11

I have a couple of working trees with some dependences. AFAIK, git submodule would enforce the following:

  • have a copy of each working tree (slave) in a subdirectory of each working tree using it (master)
  • the master repository duplicates all the information from slaves

I don't mind the repos getting bigger, but having the copies is quite unacceptable for me. It would force me to reorganize all the projects, so that the copy would get linked. Moreover, editing of a wrong file could easily happen leading to confusion.

I've got another idea:

  • Each master stores a list of all its slaves.
  • No other information in the master is required.
  • With each commit in master, a "snapshot-commit" in the slave gets created.
  • The "snapshot-commit" is a snapshot of the current state of the working tree, it ignores the current state of the index (I'm already using "snapshot-commits" before throwing away some uncommited changes).
  • The "snapshot-commits" get collected in a branch whose name is derived from the master's name. The commit message contains the hash of the master commit. (IMHO, this is better than flooding by thousands of tags.)
  • A checkout works as usual, unless recursion into slaves is required.

The only problems I can see are the following:

  • The commits in the slaves will accumulate, and never get deleted even when the master commits no longer exist.
  • Commits in the master are not self-containing, you could delete a commit referred in the master. But I see no chance it could happen by accident, so I can live with it.
  • I can't imagine, how other git command could support this. But again, I can live with it.

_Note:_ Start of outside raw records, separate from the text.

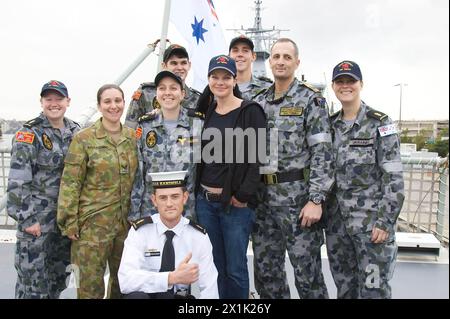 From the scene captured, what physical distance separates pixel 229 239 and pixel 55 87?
4.92ft

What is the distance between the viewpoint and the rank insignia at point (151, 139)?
2.51m

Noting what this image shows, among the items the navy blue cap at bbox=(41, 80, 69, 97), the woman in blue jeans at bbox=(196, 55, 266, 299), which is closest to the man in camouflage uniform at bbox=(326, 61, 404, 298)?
the woman in blue jeans at bbox=(196, 55, 266, 299)

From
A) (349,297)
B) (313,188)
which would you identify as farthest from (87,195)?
(349,297)

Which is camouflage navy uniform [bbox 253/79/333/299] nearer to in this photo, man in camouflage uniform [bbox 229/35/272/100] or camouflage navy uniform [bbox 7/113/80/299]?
man in camouflage uniform [bbox 229/35/272/100]

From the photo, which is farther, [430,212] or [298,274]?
[430,212]

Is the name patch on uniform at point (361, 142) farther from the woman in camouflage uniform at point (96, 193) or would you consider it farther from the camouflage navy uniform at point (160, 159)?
the woman in camouflage uniform at point (96, 193)

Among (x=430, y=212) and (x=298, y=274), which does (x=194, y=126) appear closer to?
(x=298, y=274)

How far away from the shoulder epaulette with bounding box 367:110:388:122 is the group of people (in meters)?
0.01

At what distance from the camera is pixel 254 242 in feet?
9.02

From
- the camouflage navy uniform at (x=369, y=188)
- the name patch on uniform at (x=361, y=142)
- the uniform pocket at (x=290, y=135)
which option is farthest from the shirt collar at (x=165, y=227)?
the name patch on uniform at (x=361, y=142)

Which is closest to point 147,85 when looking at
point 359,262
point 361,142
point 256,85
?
point 256,85

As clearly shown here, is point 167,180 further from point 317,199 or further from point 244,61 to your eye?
point 244,61

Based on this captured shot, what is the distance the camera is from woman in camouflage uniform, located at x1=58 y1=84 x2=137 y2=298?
8.07ft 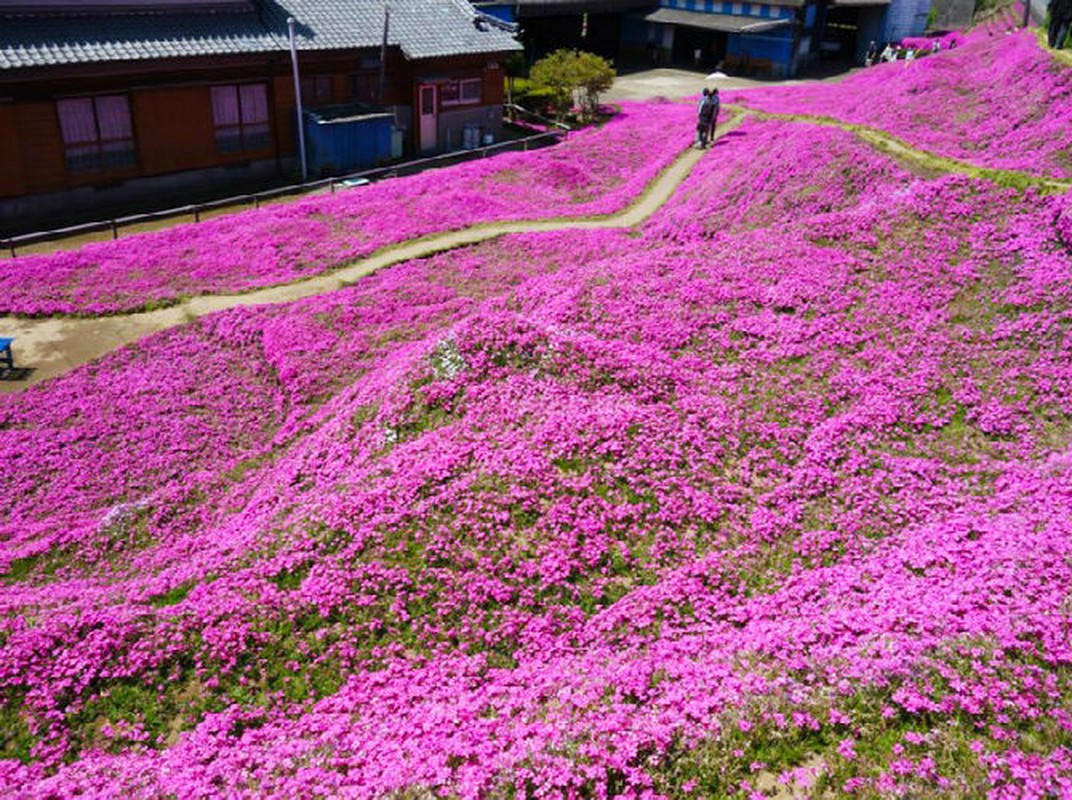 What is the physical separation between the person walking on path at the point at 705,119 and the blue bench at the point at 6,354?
1469 inches

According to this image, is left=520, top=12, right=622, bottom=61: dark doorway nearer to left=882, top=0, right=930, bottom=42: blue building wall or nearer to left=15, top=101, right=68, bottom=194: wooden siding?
left=882, top=0, right=930, bottom=42: blue building wall

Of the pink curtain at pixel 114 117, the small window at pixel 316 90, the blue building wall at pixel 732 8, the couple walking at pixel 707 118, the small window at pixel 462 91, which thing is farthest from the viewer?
the blue building wall at pixel 732 8

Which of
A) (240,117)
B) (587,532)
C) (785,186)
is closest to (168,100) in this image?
(240,117)

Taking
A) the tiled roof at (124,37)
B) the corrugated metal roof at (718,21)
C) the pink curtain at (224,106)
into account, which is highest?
the corrugated metal roof at (718,21)

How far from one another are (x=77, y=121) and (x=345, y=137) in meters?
13.4

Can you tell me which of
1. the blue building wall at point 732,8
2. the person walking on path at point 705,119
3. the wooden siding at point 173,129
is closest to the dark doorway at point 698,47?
the blue building wall at point 732,8

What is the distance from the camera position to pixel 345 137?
47.7 metres

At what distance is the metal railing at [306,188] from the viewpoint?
3750 centimetres

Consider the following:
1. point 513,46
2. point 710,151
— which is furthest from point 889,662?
point 513,46

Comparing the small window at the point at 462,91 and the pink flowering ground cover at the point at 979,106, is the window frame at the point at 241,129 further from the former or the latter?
the pink flowering ground cover at the point at 979,106

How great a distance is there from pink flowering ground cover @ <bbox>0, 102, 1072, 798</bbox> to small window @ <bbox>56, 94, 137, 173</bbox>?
17.6 meters

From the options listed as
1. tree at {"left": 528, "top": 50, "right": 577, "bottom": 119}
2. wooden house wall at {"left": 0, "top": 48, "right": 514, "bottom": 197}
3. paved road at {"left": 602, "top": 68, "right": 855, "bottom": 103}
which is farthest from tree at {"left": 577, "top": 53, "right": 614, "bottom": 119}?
wooden house wall at {"left": 0, "top": 48, "right": 514, "bottom": 197}

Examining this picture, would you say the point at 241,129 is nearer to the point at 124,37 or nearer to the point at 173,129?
the point at 173,129

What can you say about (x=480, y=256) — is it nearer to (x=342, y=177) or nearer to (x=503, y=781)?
(x=342, y=177)
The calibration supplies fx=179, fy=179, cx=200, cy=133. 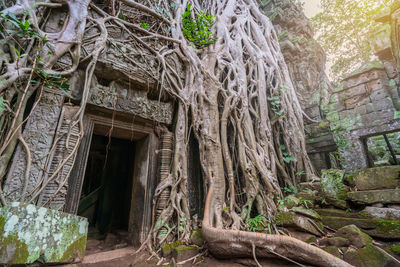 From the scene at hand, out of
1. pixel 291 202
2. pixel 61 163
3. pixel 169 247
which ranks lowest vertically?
pixel 169 247

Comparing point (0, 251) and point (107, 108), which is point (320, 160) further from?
point (0, 251)

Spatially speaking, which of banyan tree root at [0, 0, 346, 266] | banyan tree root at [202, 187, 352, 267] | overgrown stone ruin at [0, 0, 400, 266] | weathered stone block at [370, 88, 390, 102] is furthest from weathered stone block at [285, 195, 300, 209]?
weathered stone block at [370, 88, 390, 102]

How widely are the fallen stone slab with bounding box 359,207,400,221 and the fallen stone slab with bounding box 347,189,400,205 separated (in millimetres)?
A: 98

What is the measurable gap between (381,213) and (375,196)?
20cm

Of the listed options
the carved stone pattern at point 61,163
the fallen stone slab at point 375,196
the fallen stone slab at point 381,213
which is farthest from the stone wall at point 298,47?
the carved stone pattern at point 61,163

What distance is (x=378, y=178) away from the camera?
87.0 inches

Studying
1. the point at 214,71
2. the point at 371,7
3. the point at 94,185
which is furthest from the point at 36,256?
the point at 371,7

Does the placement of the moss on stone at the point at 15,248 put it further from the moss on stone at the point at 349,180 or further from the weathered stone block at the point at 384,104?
the weathered stone block at the point at 384,104

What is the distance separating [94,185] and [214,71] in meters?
4.50

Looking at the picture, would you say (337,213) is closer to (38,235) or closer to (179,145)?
(179,145)

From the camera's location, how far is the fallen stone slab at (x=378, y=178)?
2.11 m

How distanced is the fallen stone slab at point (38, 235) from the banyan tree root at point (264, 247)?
1227 mm

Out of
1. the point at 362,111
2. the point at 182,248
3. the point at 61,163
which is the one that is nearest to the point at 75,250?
the point at 61,163

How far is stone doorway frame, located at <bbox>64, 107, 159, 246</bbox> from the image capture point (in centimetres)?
214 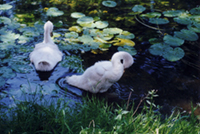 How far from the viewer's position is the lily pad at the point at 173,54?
3.97 meters

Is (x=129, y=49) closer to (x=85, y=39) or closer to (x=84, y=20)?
(x=85, y=39)

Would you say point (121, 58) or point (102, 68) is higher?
point (121, 58)

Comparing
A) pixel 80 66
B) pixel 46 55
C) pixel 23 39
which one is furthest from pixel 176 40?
pixel 23 39

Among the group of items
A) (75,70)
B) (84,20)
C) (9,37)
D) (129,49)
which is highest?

I'm asking if somebody already implemented it (or if it's a bad idea).

maaartinus
  • 44,714
  • 32
  • 161
  • 320

2 Answers2

11

I think this is a bad idea because it's strange and it will take you off the supported path for many things.

First a clarification: When using submodules, the 'master' (referencing) repo does not get appreciably bigger. It stores only a repository reference (URL, probably) and a commit ID. But that doesn't seem to be the sticking point here.

When dealing with a problem like this there are three basically 3 paths you can go down:

  1. Put everything in a single repository. Have you convinced yourself 10 times that you really need to separate things out? Remember that you can start in one repo and split things out later. Also remember that git merges actually work, so developer contention isn't that much of an issue.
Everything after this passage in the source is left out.